El trabajo multilateral de las naciones a lo largo de los años ha probado tener muchos aspectos positivos. Pero últimamente, y con el Brexit como el mayor ejemplo, han surgido dudas al respecto.
A este punto ya es noticia vieja, el hecho de que Theresa May ha desencadenado formalmente el proceso de retirada de la Unión Europea, pero quién sabe si nos ha calado el hecho de que el Reino Unido, uno de los países más grandes y prósperos de la UE, pronto abandonará el bloque europeo.
Aunque el proceso pueda tomar dos años o más en concretarse, la decisión del Brexit sirve como una reprensión histórica y cuestionante a los promotores de una Europa unificada. No hay que ser extremistas, pero hasta podría poner en tela de juicio el futuro de la Unión.
Los comentaristas en favor de una Europa unida, a ambos lados del Atlántico, han argumentado que el Brexit es una mancha histórica, una decisión precipitada tomada por un electorado desinformado después de una campaña viciosa y unilateral. Pero descartar la decisión de Gran Bretaña como una anomalía es ignorar los hechos.

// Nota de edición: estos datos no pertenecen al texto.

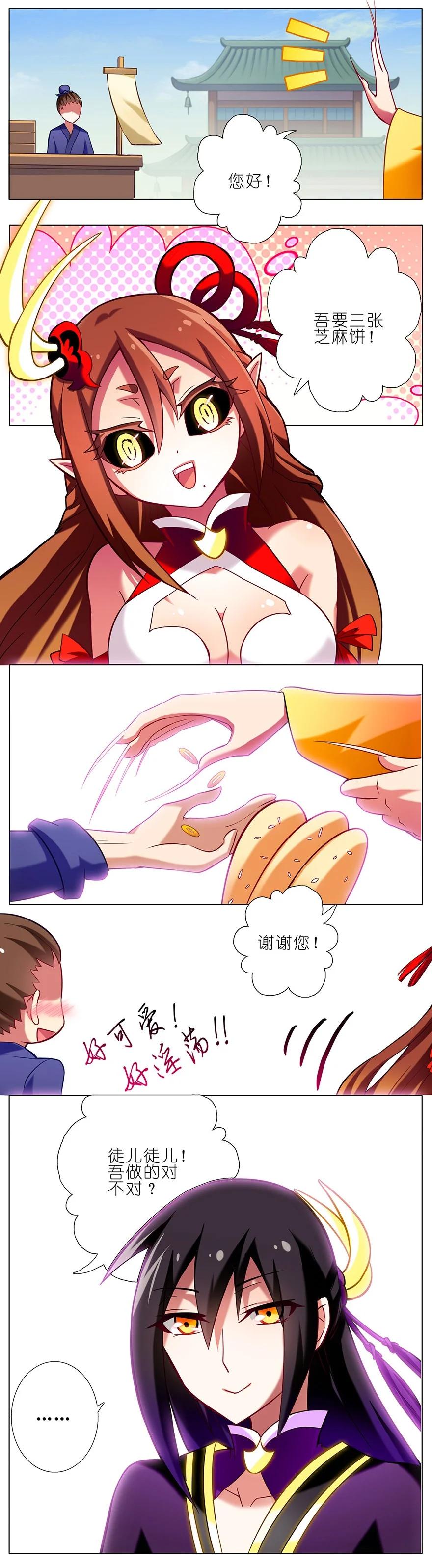 我家大师兄脑子有坑 55 第20页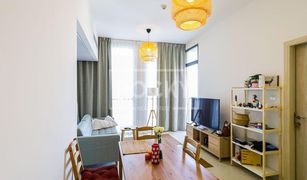1 chambre Appartement a vendre à Midtown, Dubai The Dania District 3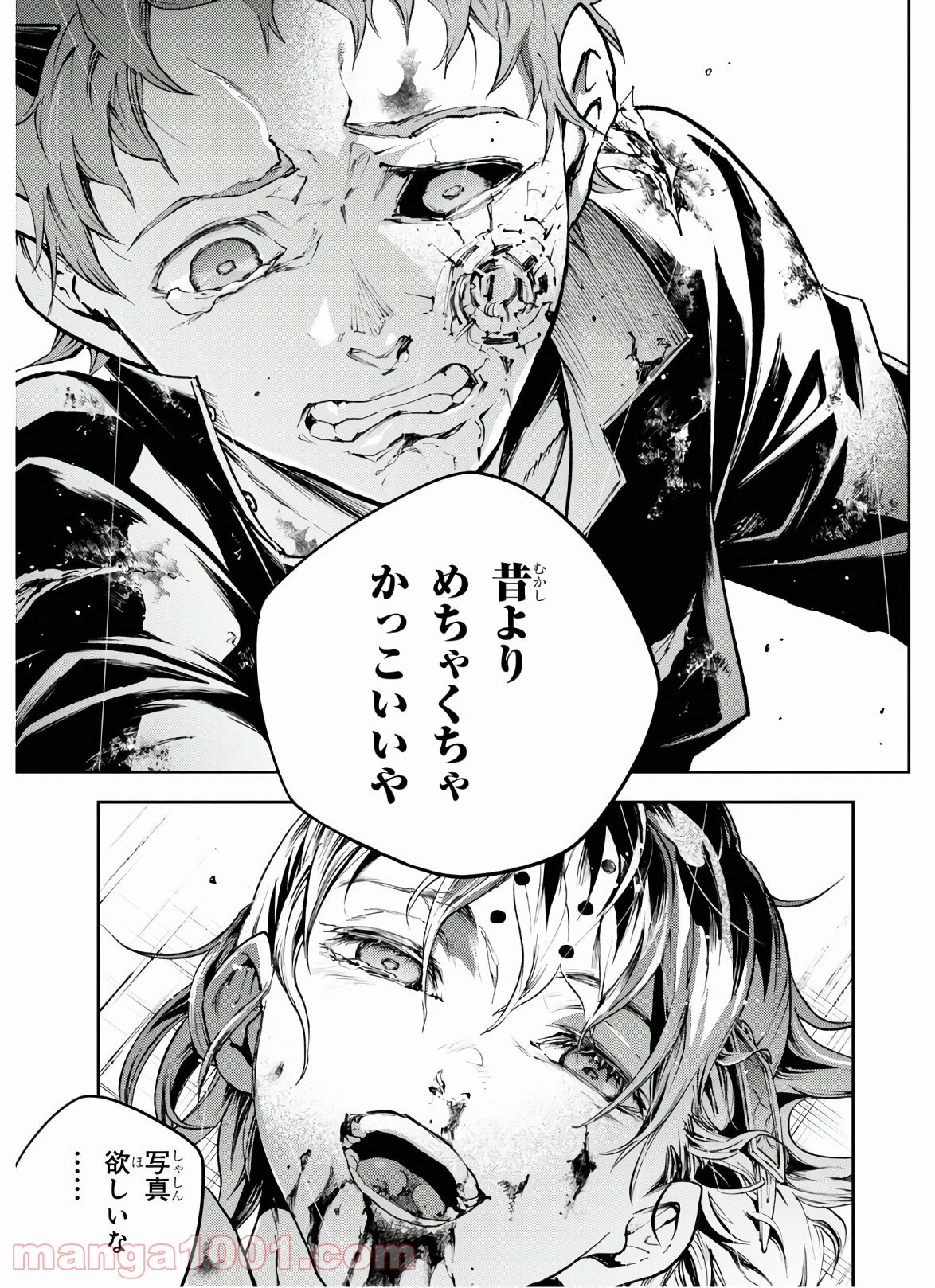 スモーキン‘パレヱド 第47.2話 - Trang 14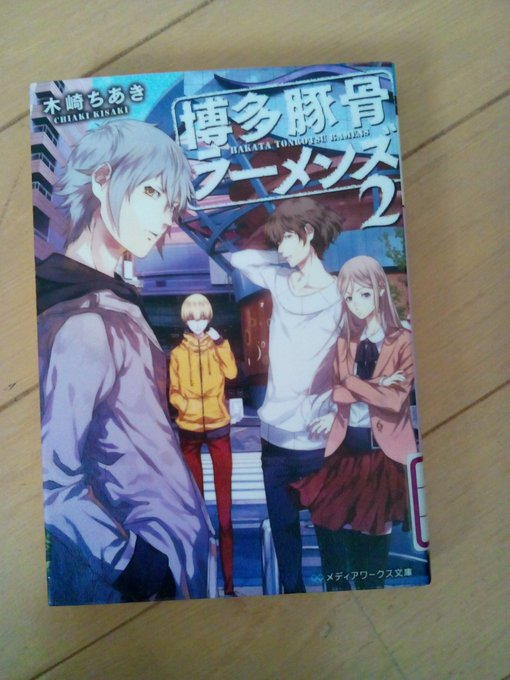 #読了『博多豚骨ラーメンズ』/木崎ちあき図書館にある全巻読破だ…!!デュラララ×博多豚骨ラーメンズの広告があったのですが #読了『博多豚骨ラーメンズ』/木崎ちあき図書館にある全巻読破だ…!!デュラララ×博多豚骨ラーメンズの広告があったのですが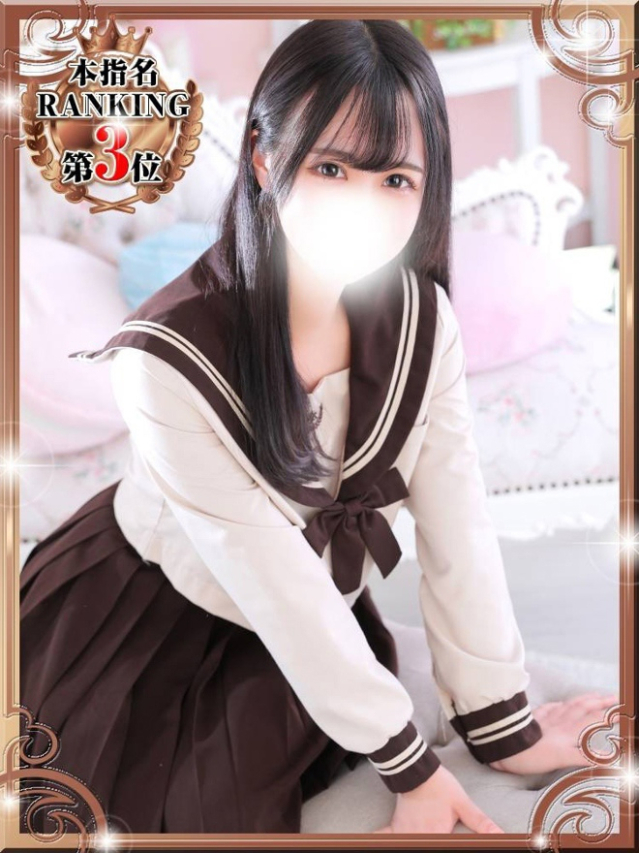 あやか（デザインプリズム新宿）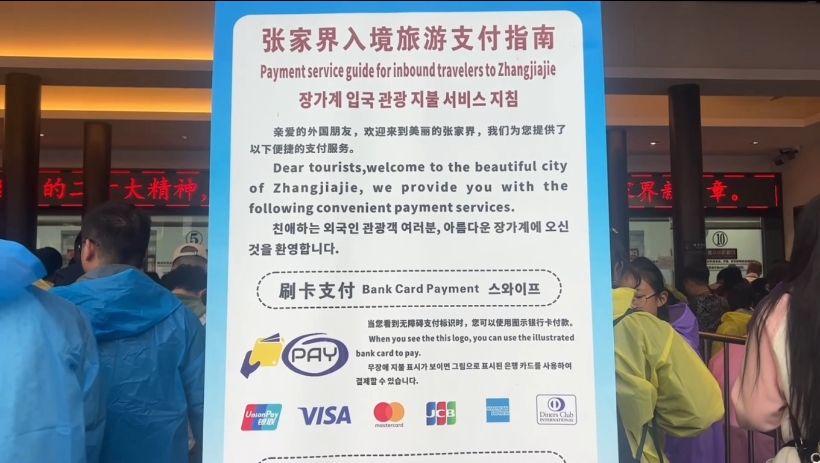 
广州口腔医院黄牛代挂号电话票贩子号贩子网上预约挂号,住院检查加快,“五一”消费观察：人流涌动背后的市场活力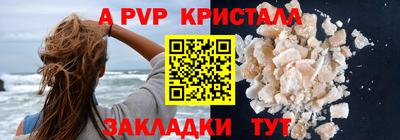 альфа пвп VHQ Новокубанск
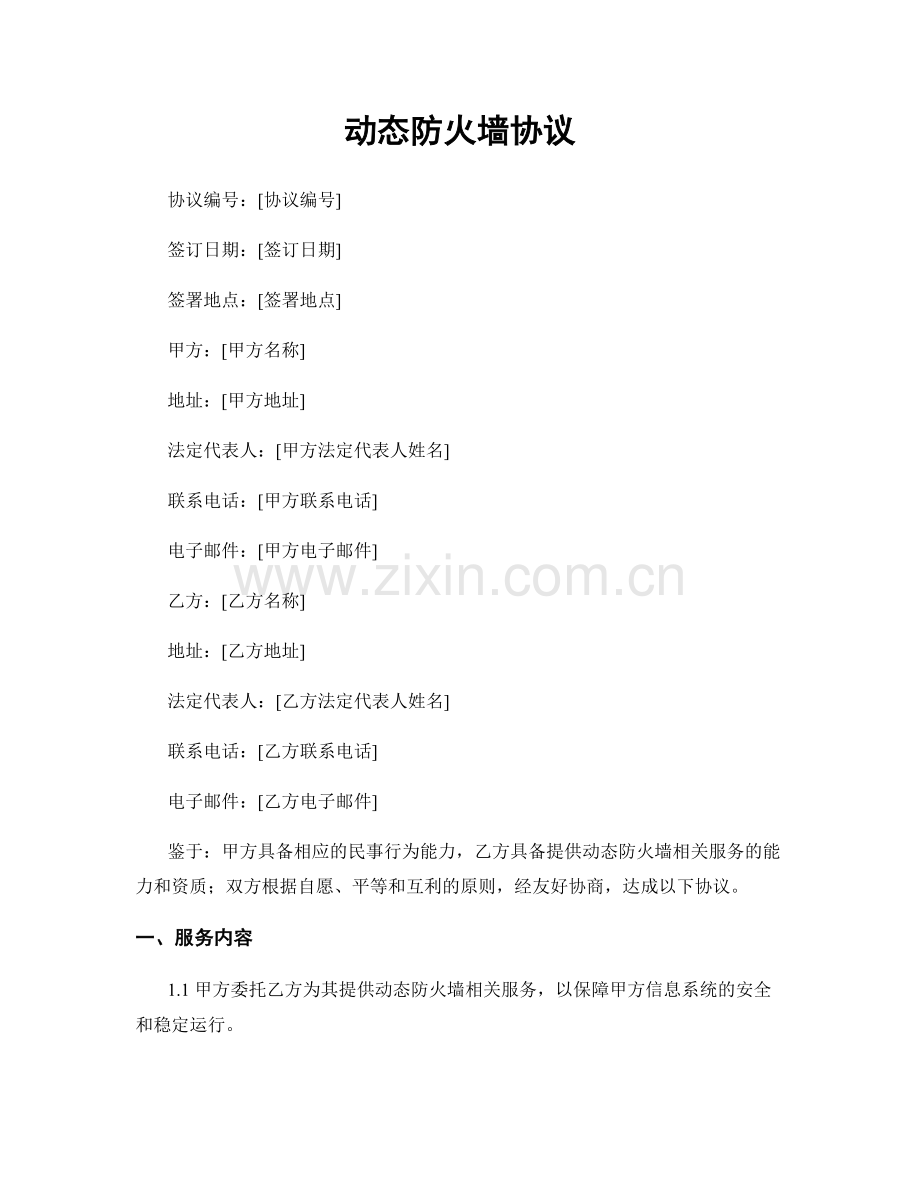 动态防火墙协议.docx_第1页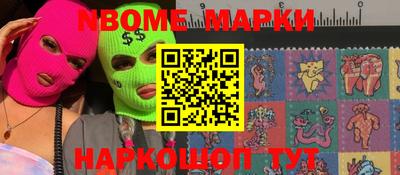 марки lsd Анапа
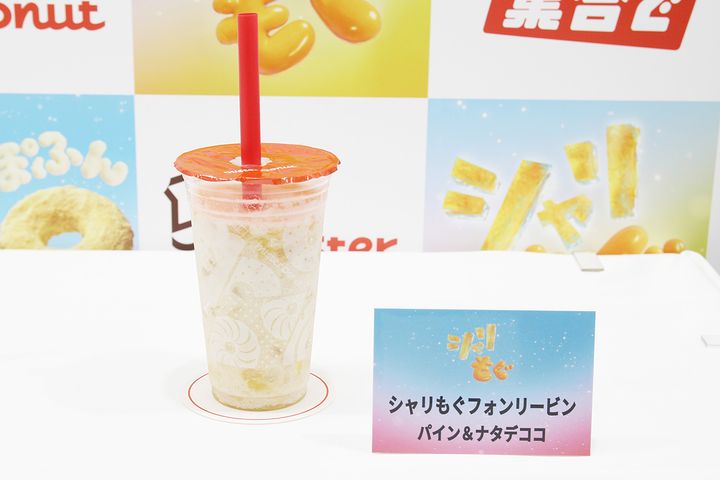 4月27日発売。ミスタードーナツの新商品『シャリもぐフルーツフローズン』『シャリもぐフォンリービン パイン＆ナタデココ』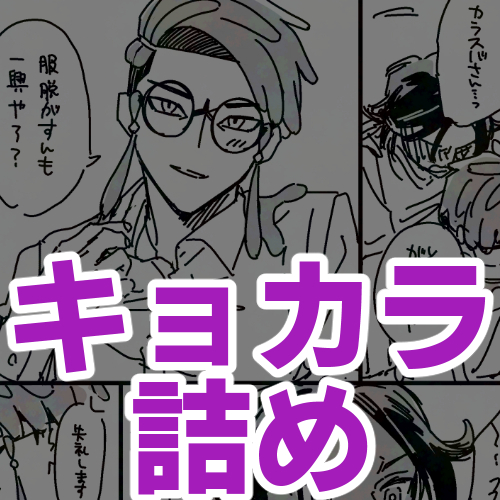 This is a pixiv picture whose title is キョカラ詰め②.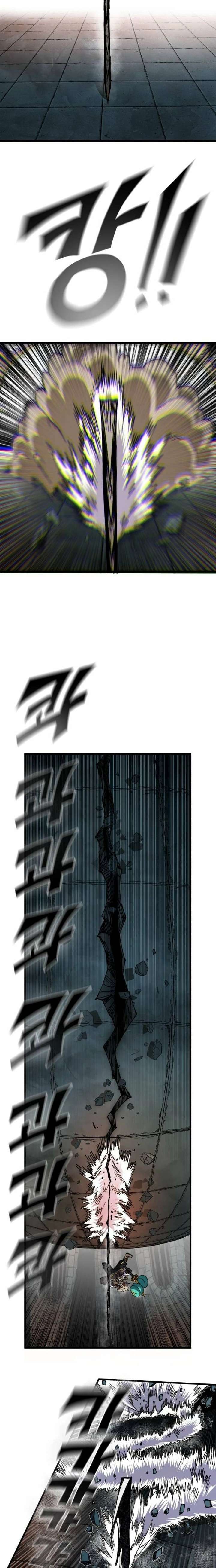 Warrior of the Mind Sword Chapter 39 - Page 20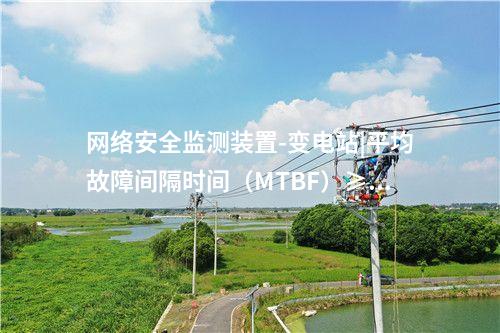 ii型<a href=http://www.bcculture.com.cn/info/2.html target=_blank class=infotextkey>網絡安全監(jiān)測裝置</a>型式|平均故障間隔時間≥30000h。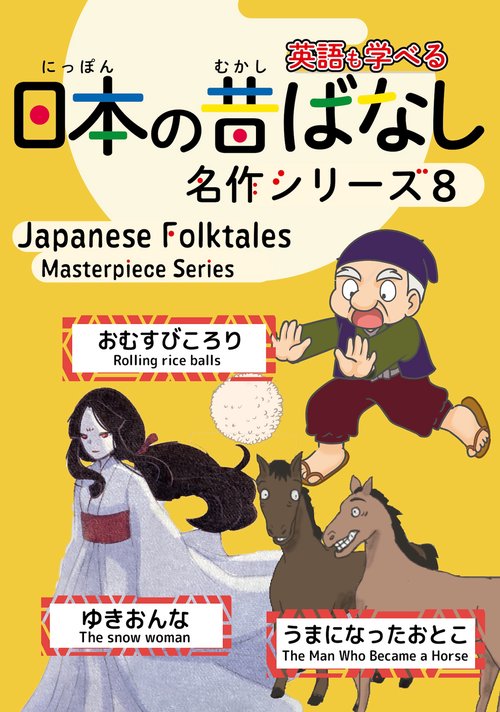 日本の昔ばなし名作シリーズバイリンガル絵本８
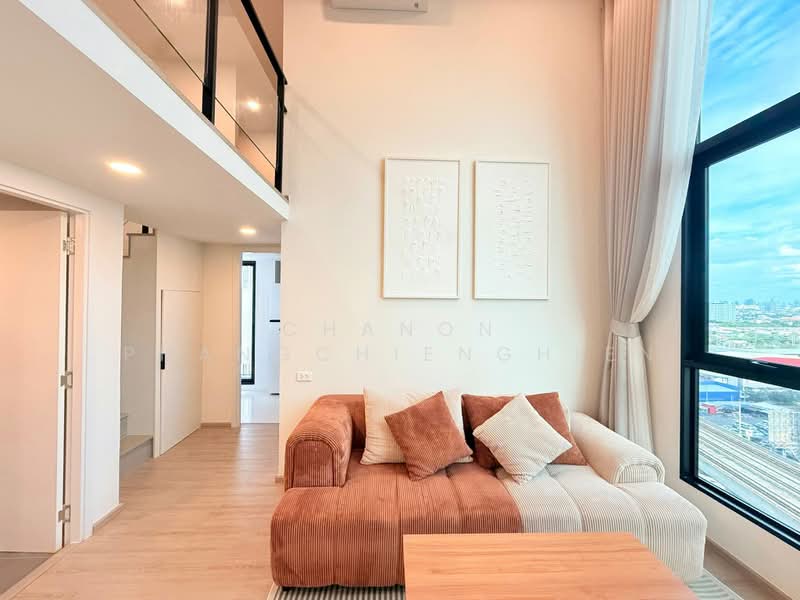 Origin Plug & Play Nonthaburi Station, Nonthaburi, 34 Rattanathibet Road, Bang Kra So, Muang Nonthaburi, Nonthaburi, 2 Bedrooms, 50 sqm, Condo For Rent, by Chanon Phangchienghien, 500382732 - DDproperty.com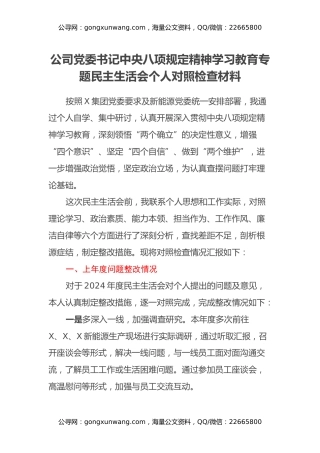 公司党委书记中央八项规定精神学习教育专题民主生活会个人对照检查材料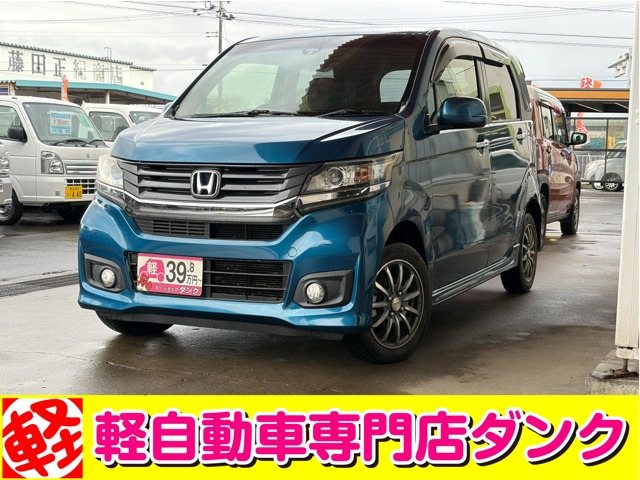 N-WGNカスタム G ターボパッケージ 4WD 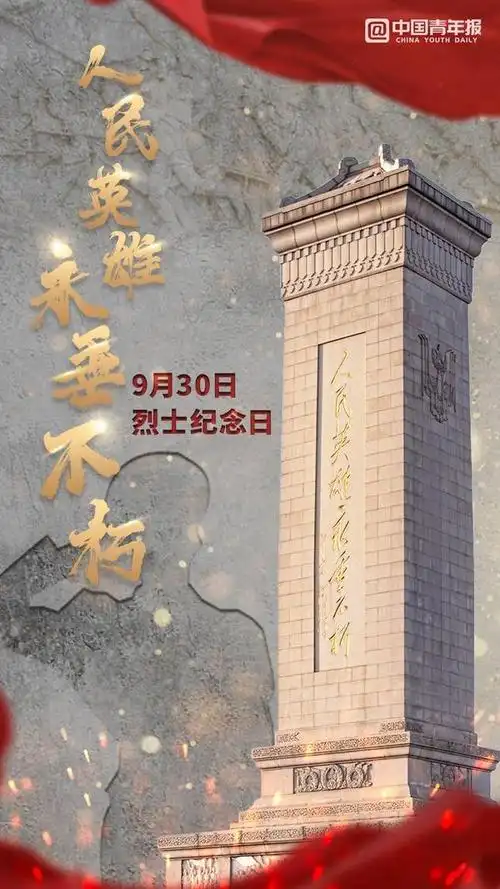 烈士纪念日丨缅怀革命先烈筑牢初心使命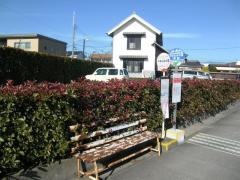 「やまなみの湯」バス停留所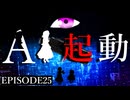 38話「AI起動」それはささら(幼)の幻想奇聞ささら＆ゆっくり茶番劇・幻想入り物語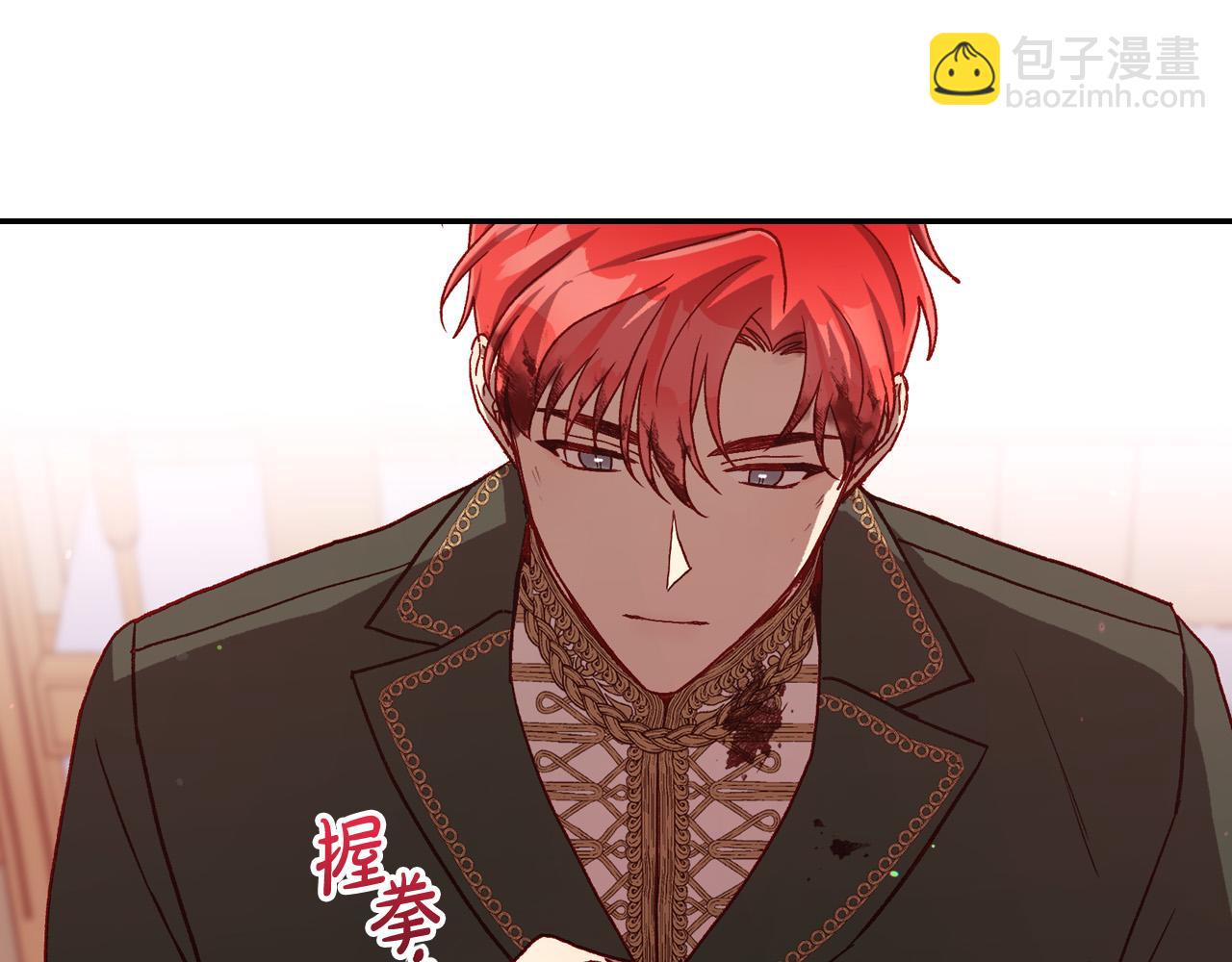 🍱侍女只想活下去 第68话 法力无边 第46页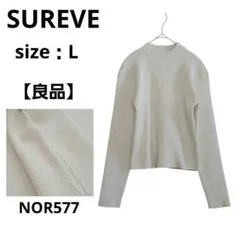 【良品】SUREVE モックネック長袖ニット ライトグレー L リブ編み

Podríamos estar presenciando el crepúsculo de la era multilateral.
Es cierto que la historia de la civilización se ha construido por personas que se reúnen en colectivos más grandes, desde las aldeas a las ciudades-estado, de las ciudades-estado, a las naciones, y de las naciones a los organismos internacionales. Hoy vivimos en una era caracterizada por la proliferación de organismos globales como las Naciones Unidas, la Organización Mundial del Comercio, La Organización de Estados Americanos, y por supuesto la Unión Europea. La tendencia ha sido durante algún tiempo hacia la integración.
La gente ha creado estas comunidades más grandes por una serie de razones, pero la prioridad ha sido siempre la más básica: la seguridad. La Unión Europea es sin duda el mayor ejemplo de este ideal. Una organización forjada de la desolación de dos guerras mundiales, la UE reunió a los Estados de Europa en un compromiso continental de cooperación e integración. Su objetivo final era reunir a las naciones tan cerca que la guerra se haría inimaginable.
Y es justo a eso a lo que se debería tender, no a las divisiones. Pero el voto de Gran Bretaña el año pasado para ilustra los costos asociados a esa aspiración, y al multilateralismo en general. Los gobiernos se han distanciado cada vez más de las personas que gobiernan. Las comunidades locales han entregado el control sobre un número cada vez mayor de asuntos a burócratas distantes. Y la gente percibe cada vez más que sus propios grupos y creencias están bajo asedio de forasteros.
Este sentimiento no está aislado para el Reino Unido. La desilusión con los acuerdos multilaterales está muy extendida hoy en día. Basta con mirar las opiniones que tiene al respecto el presidente Donald Trump. Durante y después de la campaña presidencial, Trump ha denunciado reiteradamente los acuerdos internacionales de Estados Unidos. Esa retórica ha manipulado hasta cierto punto la opinión pública, la misma que ha llegado a pensar que los acuerdos internacionales son capaces de destruir la industria y los trabajos americanos.
La respuesta ha comenzado a ir por la vía del unilateralismo. En lugar de trabajar a través de las instituciones multilaterales para resolver sus problemas, los países han comenzado a pensar que es mejor estar solos, hacer las cosas por sí mismos. El unilateralismo puede tener algunos efectos positivos en ese sentido, tales como un incremento del activismo, o el compromiso político, cuestiones ambas que pudieron observarse en el Reino Unido, tanto antes, como después del Brexit.
Pero nadie puede dudar que el multilateralismo ha sido un gran motor de paz y prosperidad a lo largo de la historia, y deberíamos ser cautos al rechazarlo de plano. Ojalá y todo esto sean puras conjeturas, y el futuro pueda contradecirlas con firmeza.